Sentiment Analysis

Github Repository
Source: TweetNLP: Cutting-Edge Natural Language Processing for Social Media”. Jose Camacho-Collados, Kiamehr Rezaee, Talayeh Riahi, Asahi Ushio, et al. Proceedings of the 2022 Conference on Empirical Methods in Natural Language Processing (EMNLP): System Demonstrations Link paper

Load Libraries

library(tidyverse)
library(httr)
library(jsonlite)
library(sentimentr)
library(janitor)

Connecting to Twitter API

The code below connects to the Twitter API and returns posts from the last seven days that match a search query. In the twitter query below, it searches for recent tweets that contain the word “tariff”.

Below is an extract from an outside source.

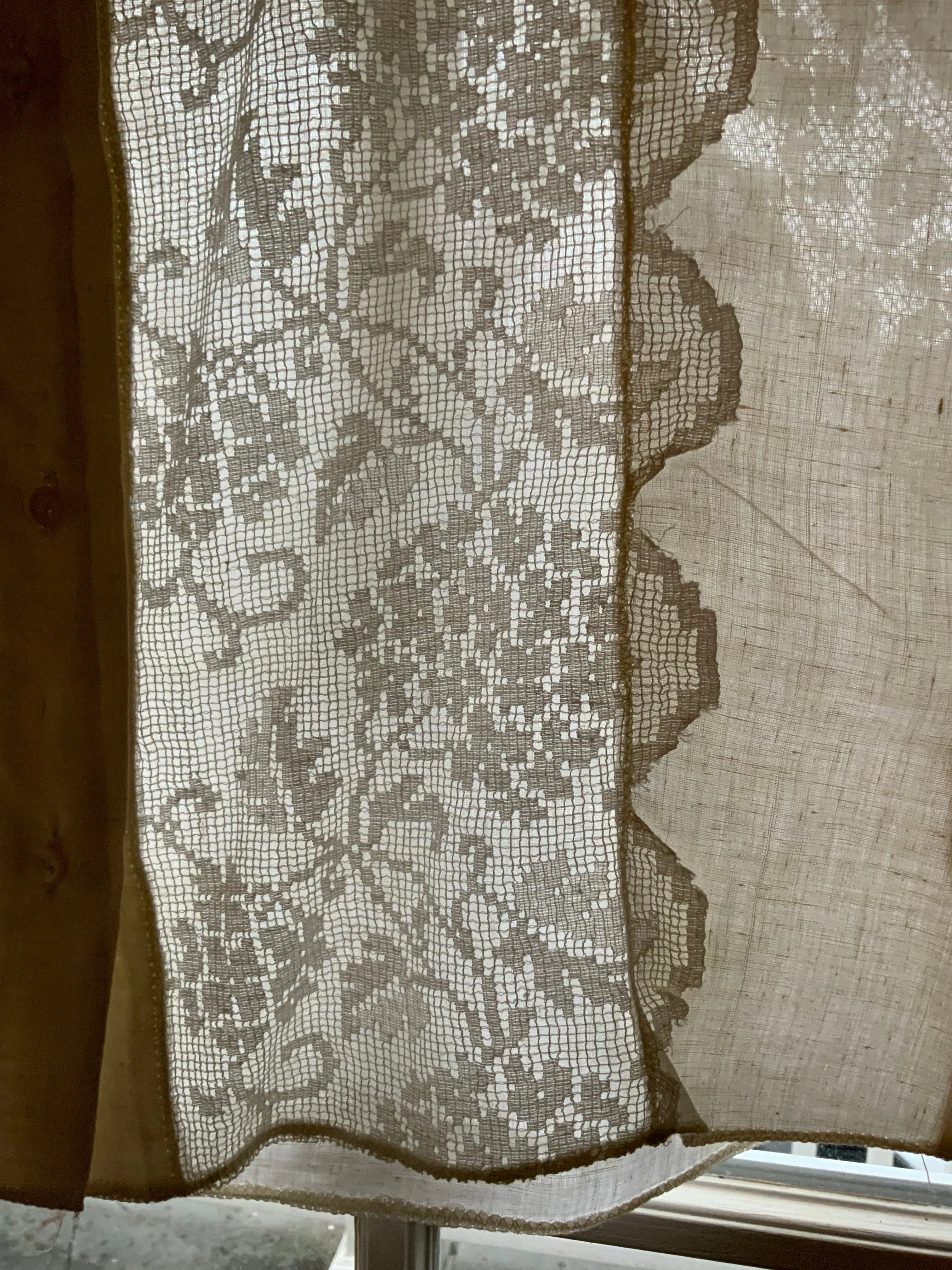 Cotton Blouse adorned with Antique Filet Lace - Y2K - E2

# Retrieve bearer token from environment
bearer_token <- Sys.getenv("BEARER_TOKEN")
# Define token header and paste together (sprintf similar to paste0)
headers <- c(`Authorization` = sprintf('Bearer %s', bearer_token))
# Define parameters where max results is 500, querying for the string tariff, and then sorting results by relevance
params <- list(
    max_results = 100,
    query = "tariffs",
    sort_order = "relevancy"
    
)
# defining url_handle for the recent tweets url
url_handle <- "https://api.twitter.com/2/tweets/search/recent"
# saving the response object 
res <-
  httr::GET(url = url_handle,
            httr::add_headers(.headers = headers),
            query = params)

# Check response type
http_type(res)
# Check for errors
http_error(res)

# parsing the json
recent_search_body <-
  content(
    res,
    as = 'parsed',
    type = 'application/json',
    simplifyDataFrame = TRUE
  )

# df of tweet id, edit history of tweets, and text
recent_text_body <- recent_search_body$data

Loading the Tweet Evalulation Model

The code below connects to the Roberta Base Sentiment model (documentation can be seen here).

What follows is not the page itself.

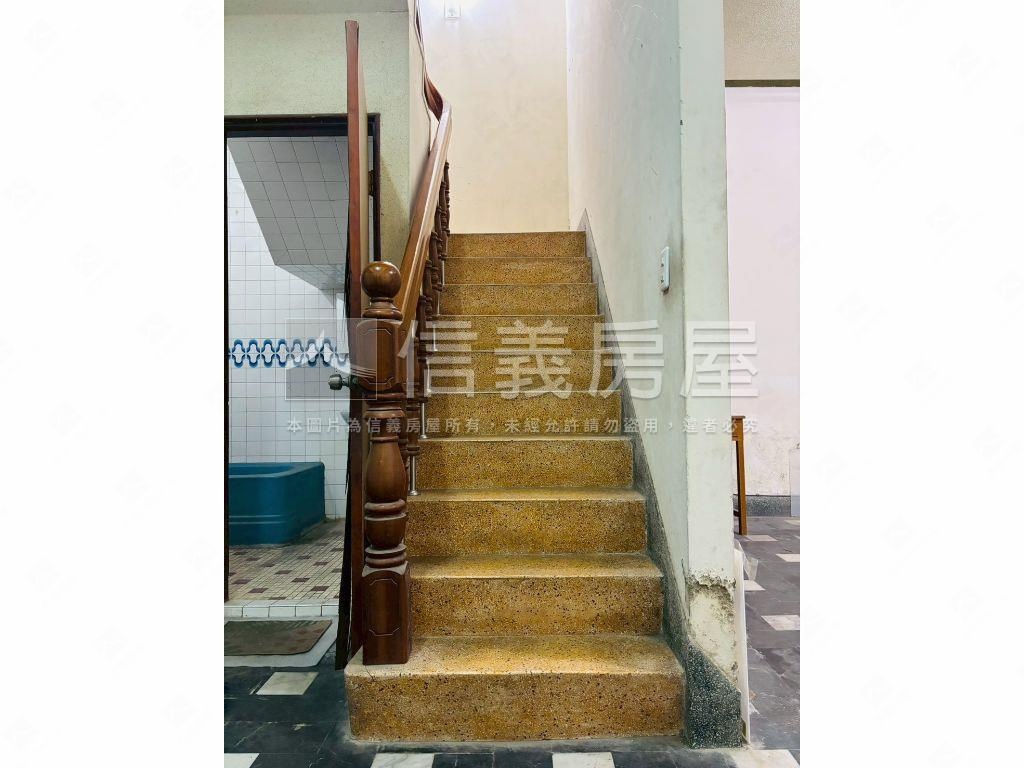 中西區衛民街活巷面寬老宅房屋室內格局與周邊環境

By developing the function get_sentiment, an individual tweet sentiment can be detected.

# Retrieve bearer token from environment for HF Model 
hf_bearer_token <- Sys.getenv("HF_TOKEN")

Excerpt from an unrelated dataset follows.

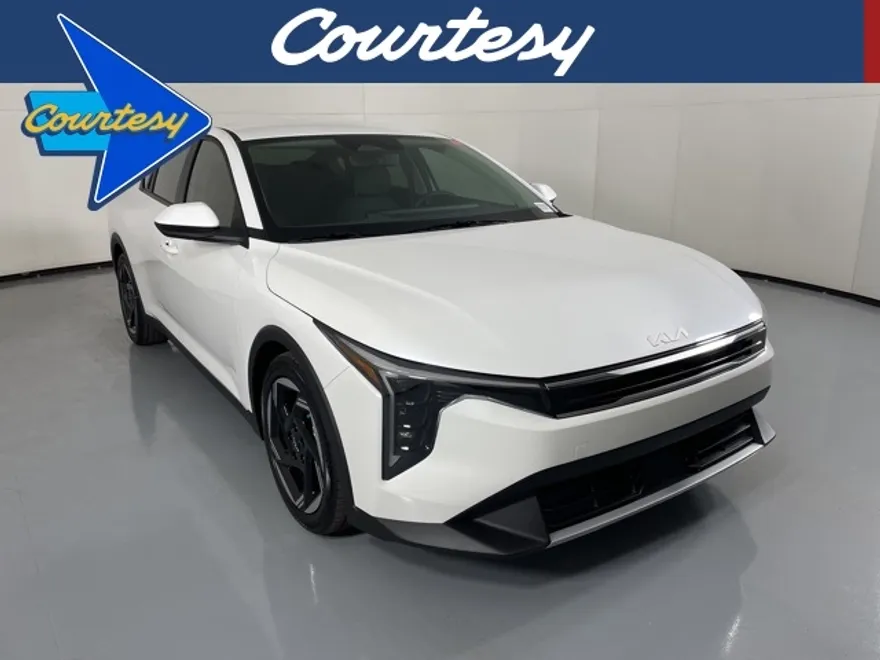 2025 Kia K4 EX photo 1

# creating get_sentiment funct.
get_sentiment <- function(tweet){
# Get sentiment predictions from the Roberta Base Sentiment Model
  sent_res <- POST(
    url = "https://api-inference.huggingface.co/models/cardiffnlp/twitter-roberta-base-sentiment",
    add_headers("Authorization" = paste("Bearer", hf_bearer_token)),
    content_type("application/json"),
    body = toJSON(
      list(
        inputs = tweet
      ),
      auto_unbox = TRUE
    )
  )
  
sent_content <- fromJSON(rawToChar(sent_res$content))
}

The code below tests the sentiment for one tweet:

# example tweet
tweet <- "You know who doesn't have to pay tariffs"
# checking that the funct above works
sentiment_result <- get_sentiment(tweet)

Data Cleaning

To properly analyze tweets, the text has to be cleaned, and normalized so each tweet can be properly compared. To clean the tweets, the function clean_text, is developed and applied to the ‘recent_text_body’ dataframe, creating a new column in the dataframe titled ‘clean_text’.

clean_text = function(rawtext)
{
  # convert to lower case
  rawtext = tolower(rawtext)
  # remove rt
  rawtext = gsub("rt", "", rawtext)
  # remove at
  rawtext = gsub("@\\w+", "", rawtext)
  # remove punctuation
  rawtext = gsub("[[:punct:]]", "", rawtext)
  # remove numbers
  rawtext = gsub("[[:digit:]]", "", rawtext)
  # remove links http
  rawtext = gsub("http\\w+", "", rawtext)
  # remove tabs
  rawtext = gsub("[ |\t]{2,}", "", rawtext)
  # remove blank spaces at the beginning
  rawtext = gsub("^ ", "", rawtext)
  # remove blank spaces at the end
  rawtext = gsub(" $", "", rawtext)
  # some other cleaning text
  rawtext = gsub('https://','',rawtext)
  rawtext = gsub('http://','',rawtext)
  rawtext = gsub('[^[:graph:]]', ' ',rawtext)
  rawtext = gsub('[[:punct:]]', '', rawtext)
  rawtext = gsub('[[:cntrl:]]', '', rawtext)
  rawtext = gsub('\\d+', '', rawtext)
  rawtext = str_replace_all(rawtext,"[^[:graph:]]", " ")
  return(rawtext)
}
# 
cleaned_recent_text <- recent_text_body |> 
  mutate(clean_text = clean_text(recent_text_body$text))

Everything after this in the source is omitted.